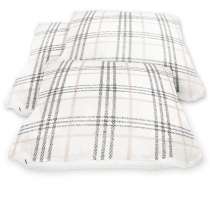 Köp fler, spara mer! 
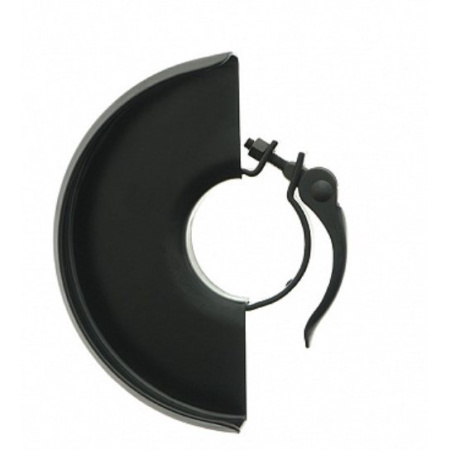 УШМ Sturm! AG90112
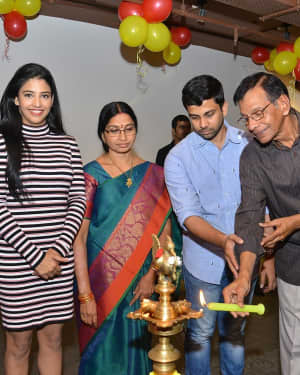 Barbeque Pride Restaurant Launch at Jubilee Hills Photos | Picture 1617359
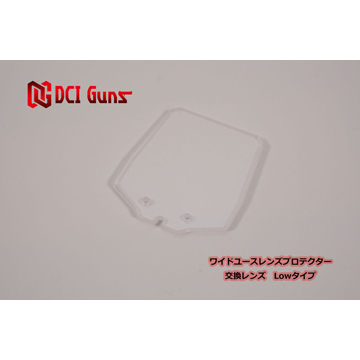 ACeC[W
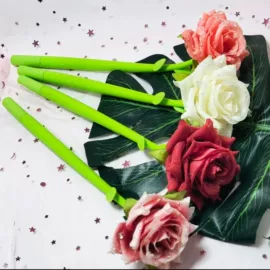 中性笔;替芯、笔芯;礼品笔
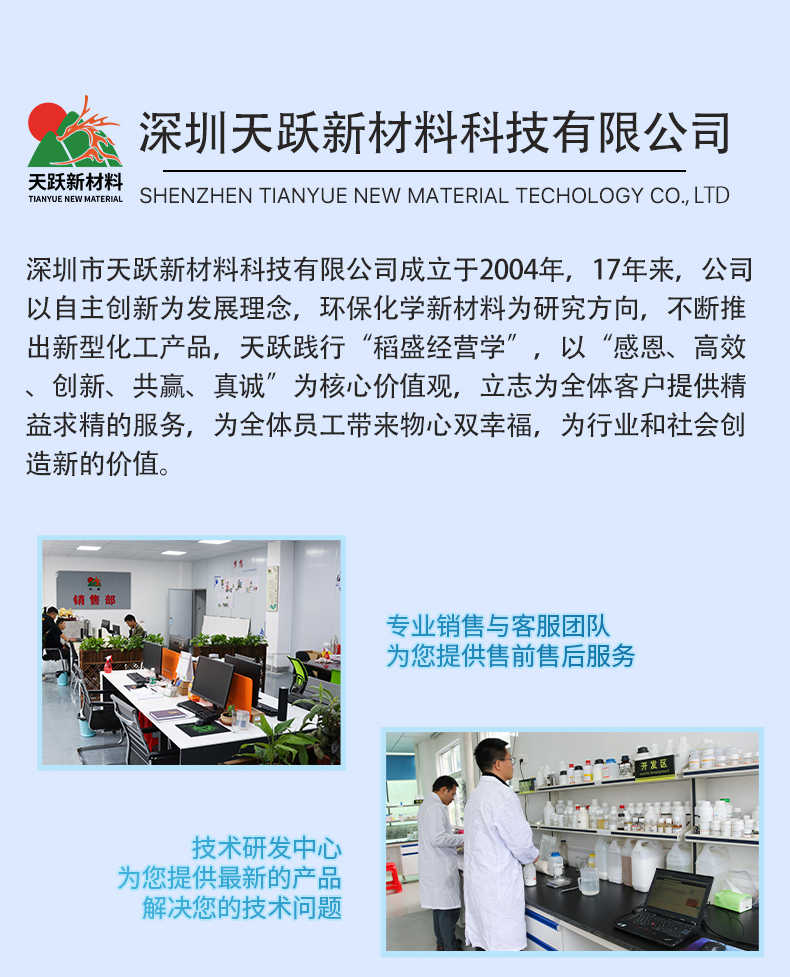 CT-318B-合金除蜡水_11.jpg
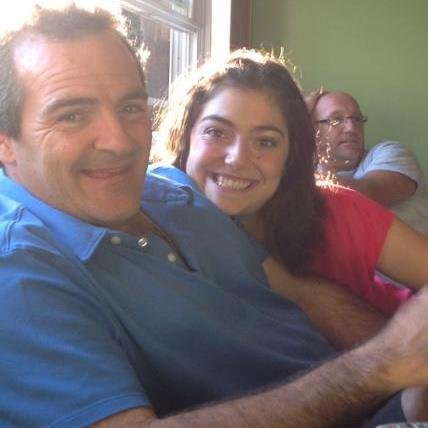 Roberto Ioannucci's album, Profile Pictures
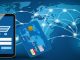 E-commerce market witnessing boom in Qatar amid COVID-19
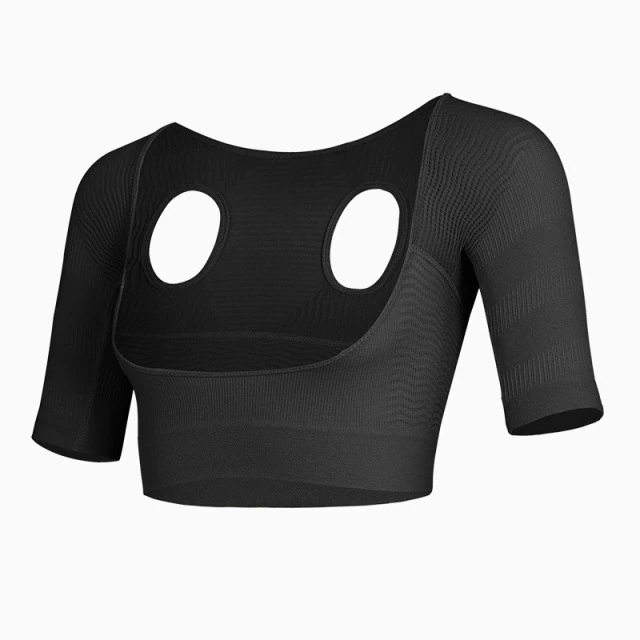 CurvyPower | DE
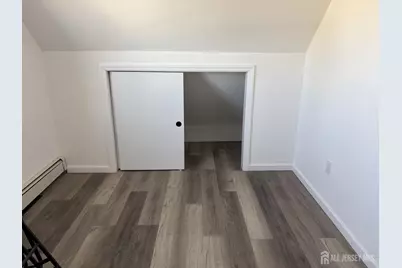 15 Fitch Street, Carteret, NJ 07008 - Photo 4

▶ What you should do: Only the pictures stay behind; everything else in the data above is to be retyped exactly.

▶ Exercise response:
 Köp fler, spara mer! 
 УШМ Sturm! AG90112
 Barbeque Pride Restaurant Launch at Jubilee Hills Photos | Picture 1617359
 ACeC[W
 中性笔;替芯、笔芯;礼品笔
 CT-318B-合金除蜡水_11.jpg
 Roberto Ioannucci's album, Profile Pictures
 E-commerce market witnessing boom in Qatar amid COVID-19
 CurvyPower | DE
 15 Fitch Street, Carteret, NJ 07008 - Photo 4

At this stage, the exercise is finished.